Sofia Coppola's "Lost In Translation" captures this connection between strangers with a breathless accuracy rarely seen in Hollywood films. The story is virtually plotless: a man and a woman meet at a hotel bar and find solace in their mutually ambivalent and dissatisfied lives. She's just out of college; he's bumping up against middle age.

We fear a classic May-December romance, but the film has better intentions.

Coppola expertly captures the pain of detachment, the resignation of her characters to do almost nothing, and the blessed comfort of connection. Her sharp attention to detail is both quirky and poignant. This is a touching, often hilarious picture of friendship that appreciates our need for the reflections people offer of themselves and the assurances we seek in each other.

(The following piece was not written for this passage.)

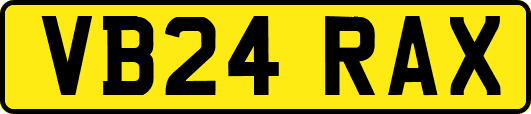 VB24RAX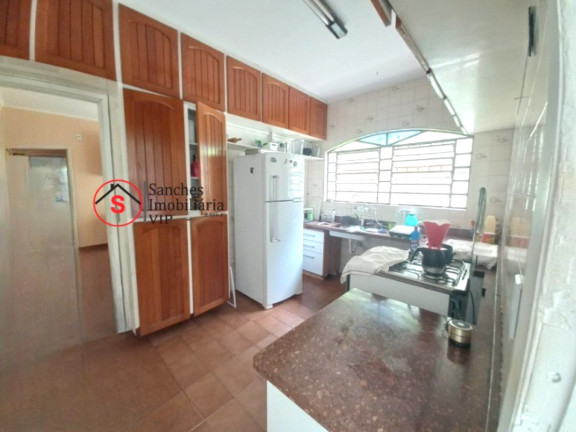 Imagem Sobrado com 3 Quartos à Venda, 146 m² em Vila Formosa - São Paulo Imagem Sobrado com 3 Quartos à Venda, 146 m² em Vila Formosa - São Paulo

Bill Murray, seemingly playing a tongue-in-cheek version of himself, is remarkable in the character of Bob Harris. As always, he optimizes his trademark slapstick, but adds an articulate and complex vulnerability that he only hinted at in "Groundhog Day," "Rushmore" and "The Royal Tenenbaums."

Bob is an aging movie star whose career is winding down. He's in Tokyo collecting a few million to endorse a whiskey ad.

With his bored expressions and ever-present scotch on the rocks, we get the impression that he'd rather be doing something else.

But he rolls with the punches.

We see him puzzled and gape-mouthed while receiving elaborate instruction from a manic Asian director, whose words are translated simply as: "More intensity." Bob gets roped into a wacky talk show, where he can only blink groggily at the camera. He has trouble negotiating the treadmill in his hotel.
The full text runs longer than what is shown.